Why is it that the Chamber's job-killer bills hit-list seems to only target Democrats? Not a single targeted bill belongs to a Republican. "Bad bills", like those designed to protect public health, climate concerns or consumer rights legislation, are all authored by Democrats. The chamber has always been a lobbying organization, but it has gotten so bad that the Chamber seems to have devolved into little more than just one more fear-mongering Republican Party front group.

The "job killers" on this list are any laws that protect consumers, reduce energy use, require worker protections or anything else that might hinder a very few corporate executives from reeling in another several-hundred-million dollars a year. The jobs that are "killed" are those of lobbyists for the energy industry.

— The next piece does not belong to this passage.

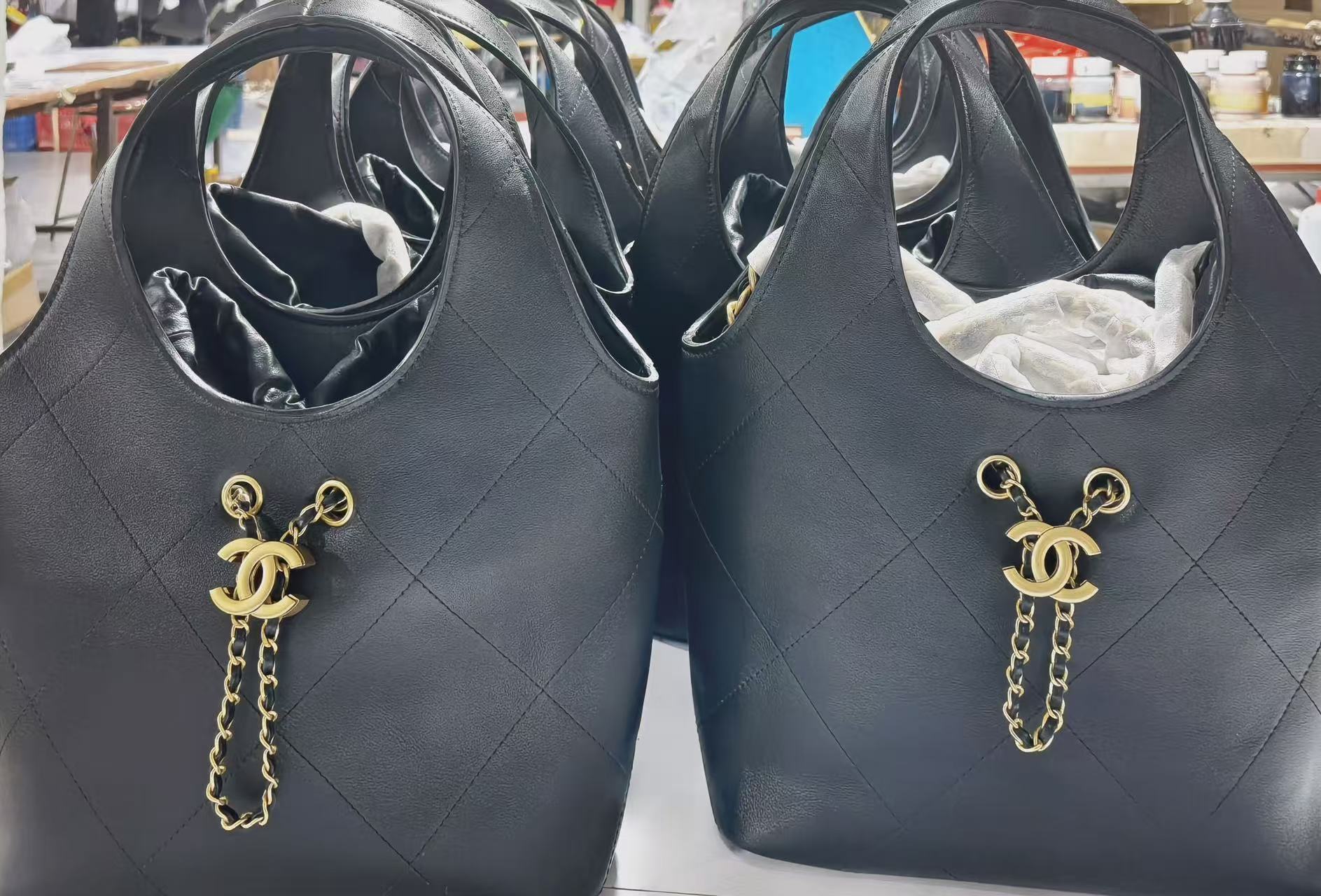 Chanel Basic Bag Black 17cm-l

The first group on the "job killer" list is bills that ask for any kind of energy or water conservation or environmental standards for new housing construction. For example, AB 1085. The bill describes itself as undating,

"building design and construction standards and energy conservation standards for new residential and nonresidential buildings to reduce wasteful, uneconomic, inefficient, or unnecessary consumption of energy."
But the Chamber's job-killer list says this
Substantially increases the cost of housing and development in California by implementing significant energy efficiency measures
Now, think about this -- if it costs less to heat and cool your house, this saves you money. If you want to add energy-saving technology like solar electric or water-heating on your house this creates good jobs. Maybe Exxon won't benefit as much from this as the new, upcoming solar industry, but heck, the solar companies aren't coughing up the big bucks and providing the good jobs to the Chamber of Commerce's lobbyists!

The next group of "job killers" is "workplace mandates" like paid sick leave for employees, disability pay for on-the-job injuries or providing California’s citizens with health insurance.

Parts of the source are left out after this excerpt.